• TASK OBJECTIVE: Write out the entries exactly, leaving out every picture.

[Extracted data entries]
---
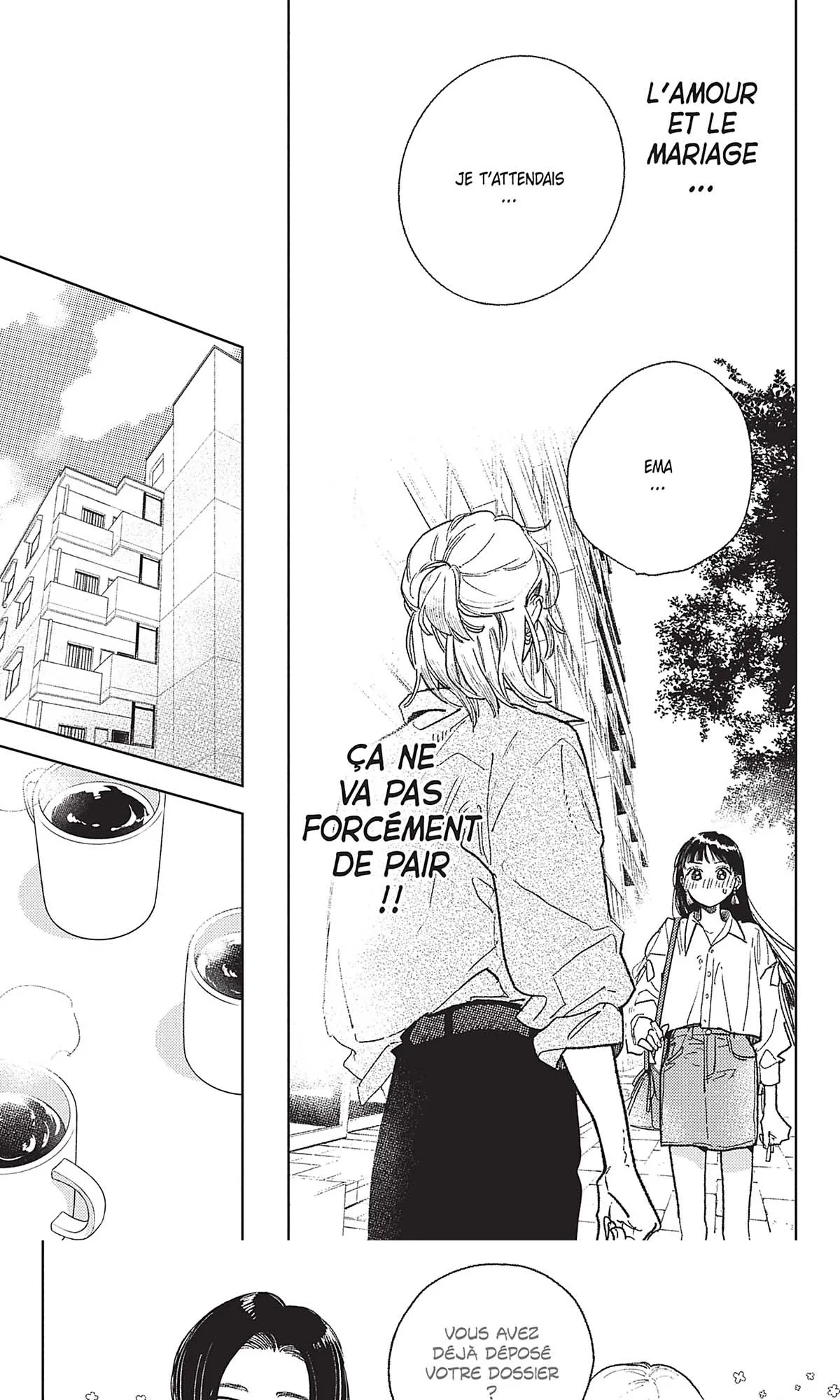 Read A sign of affection FR Manga Online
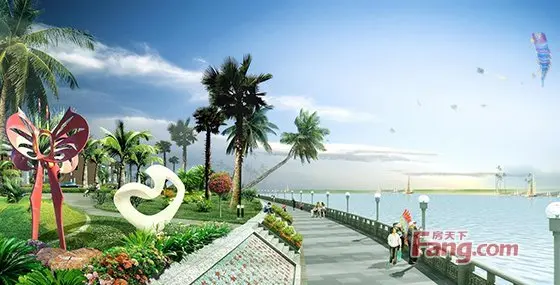 发现共青湖沁人之美_房产资讯-阳江房天下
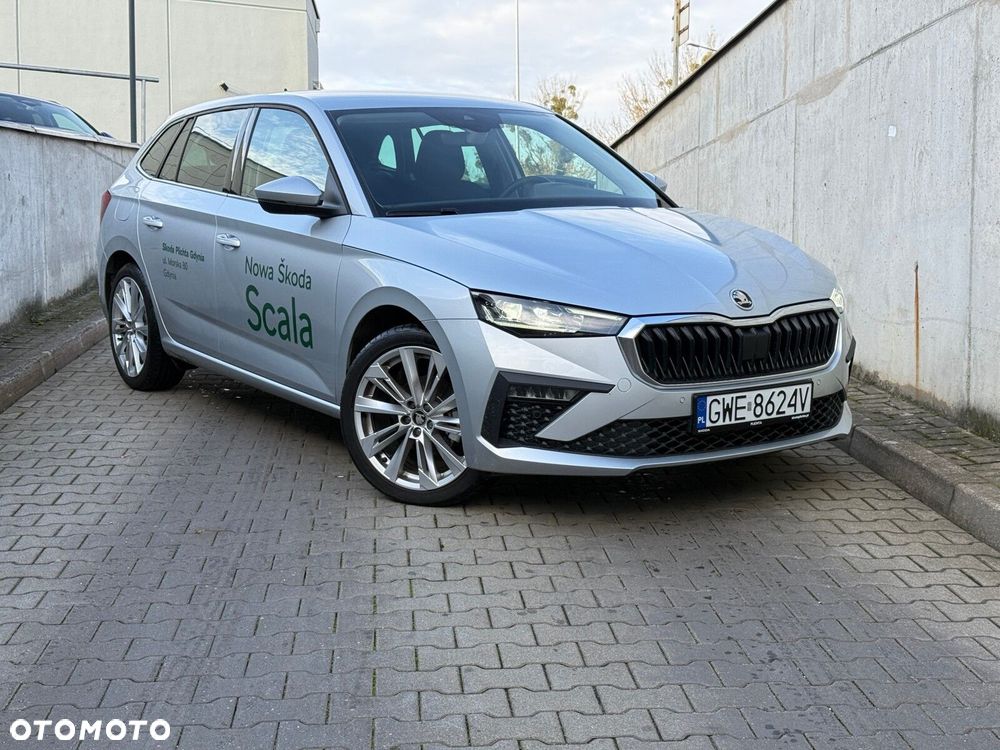 Skoda Scala - 2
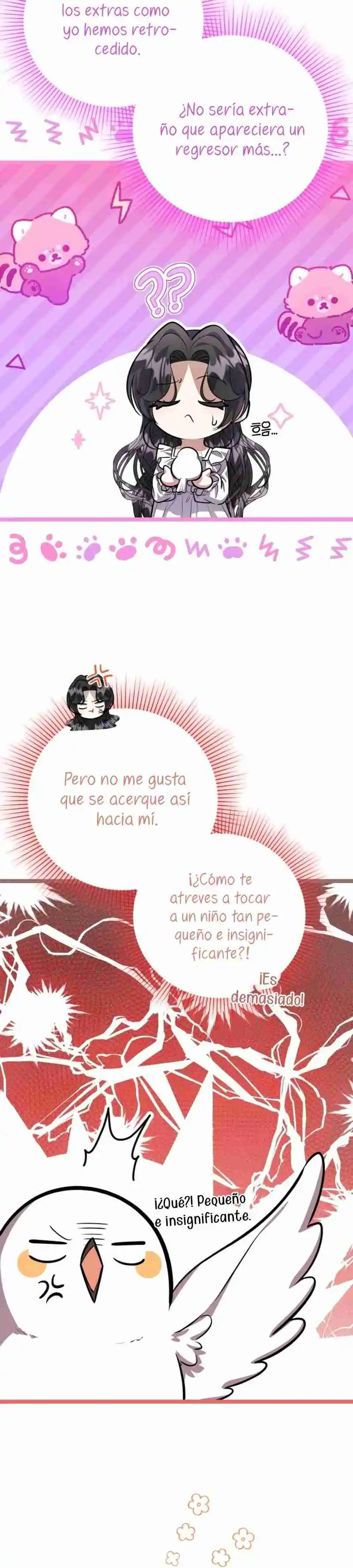 La Hija Del Villano Planea Huir capítulo 37, página 4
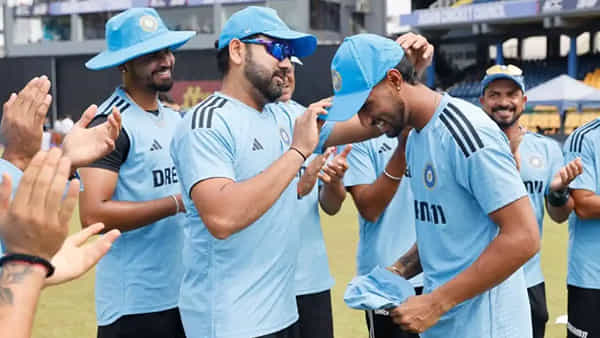 ఆసియా కప్ స్వ్కాడ్లో చోటు.. కట్చేస్తే.. గంభీర్, అగార్కర్ పక్కా ప్లాన్.. రోహిత్ శిష్యుడికి మొండిచేయి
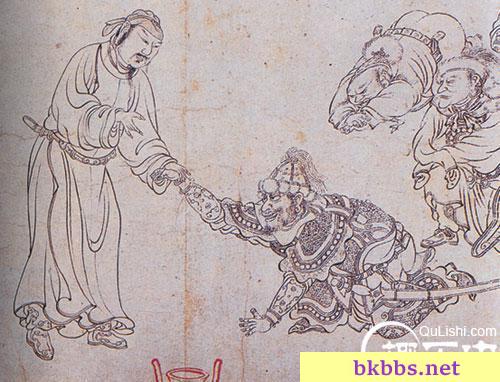 涨知识：中国古代铠甲大全这些铠甲你认识几个?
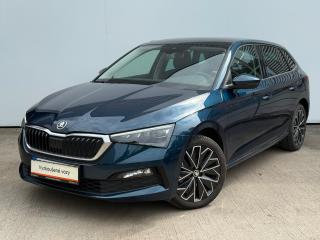 koda Scala Style Plus 1.5 TSI 110kw DSG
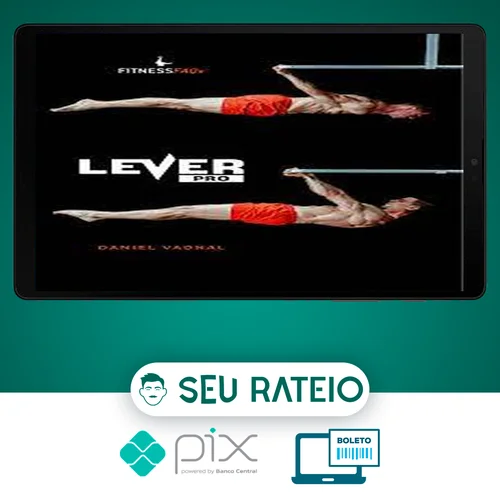 Lever Pro - Daniel Vadnal (FitnessFAQs) [INGLÊS]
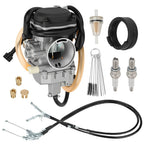 Carburetor & Intake Manifold Throttle Cable for Kawasaki Vulcan 800 (1995–2005)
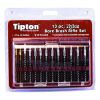 Tipton 13 Piece Nylon Bristle Rifle Bore Brush Set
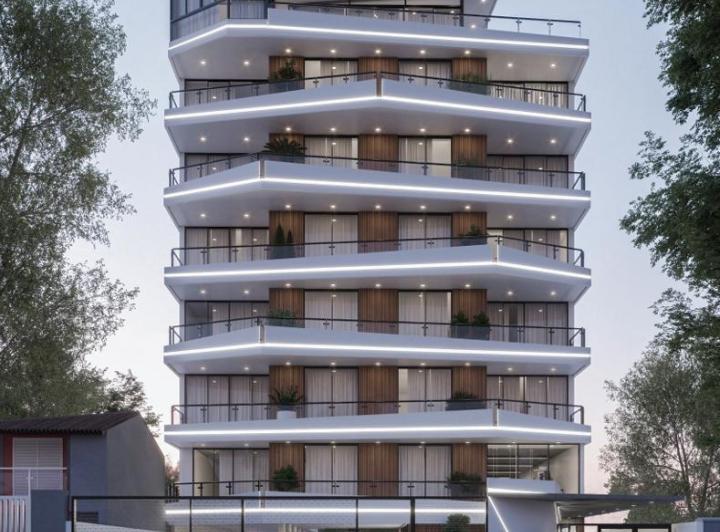 Departamento · 40m² · 2 Ambientes · 1 Cochera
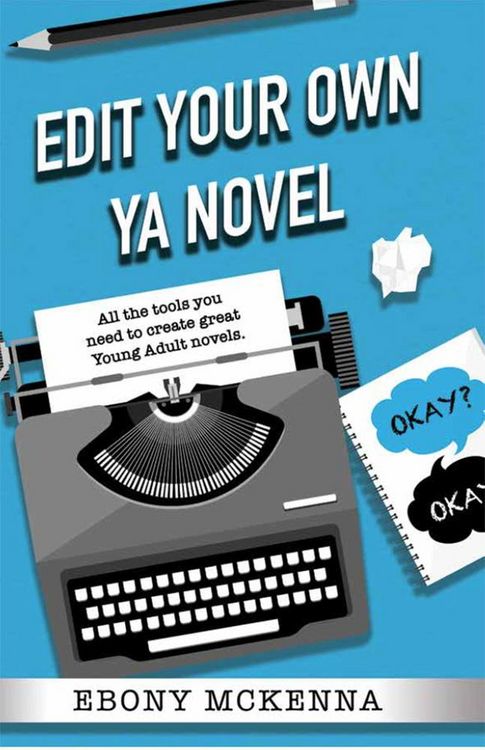 Produktbild: Edit Your Own Young Adult Novel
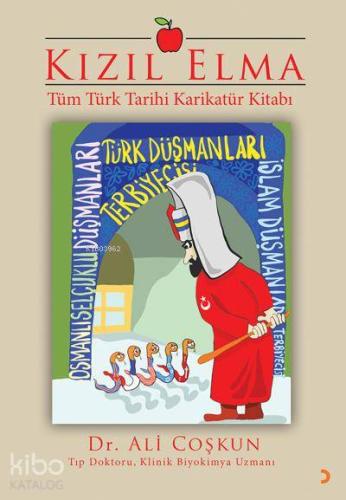 Kızıl Elma; Tüm Türk Tarihi Karikatür Kitabı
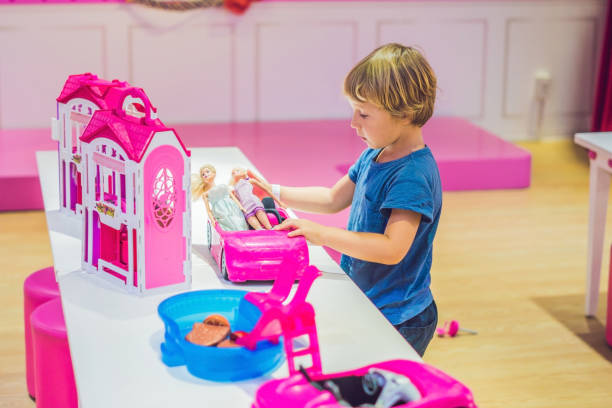 Getting Gender Bias Out of the Playroom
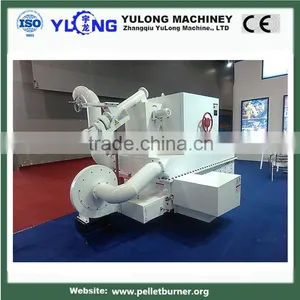 Yulong Pellet Burner Heating for Boiler thumbnail-1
---
• ANSWER TO THIS PROBLEM:
 Read A sign of affection FR Manga Online
 发现共青湖沁人之美_房产资讯-阳江房天下
 Skoda Scala - 2
 La Hija Del Villano Planea Huir capítulo 37, página 4
 ఆసియా కప్ స్వ్కాడ్లో చోటు.. కట్చేస్తే.. గంభీర్, అగార్కర్ పక్కా ప్లాన్.. రోహిత్ శిష్యుడికి మొండిచేయి
 涨知识：中国古代铠甲大全这些铠甲你认识几个?
 koda Scala Style Plus 1.5 TSI 110kw DSG
 Lever Pro - Daniel Vadnal (FitnessFAQs) [INGLÊS]
 Carburetor & Intake Manifold Throttle Cable for Kawasaki Vulcan 800 (1995–2005)
 Tipton 13 Piece Nylon Bristle Rifle Bore Brush Set
 Departamento · 40m² · 2 Ambientes · 1 Cochera
 Produktbild: Edit Your Own Young Adult Novel
 Kızıl Elma; Tüm Türk Tarihi Karikatür Kitabı
 Getting Gender Bias Out of the Playroom
 Yulong Pellet Burner Heating for Boiler thumbnail-1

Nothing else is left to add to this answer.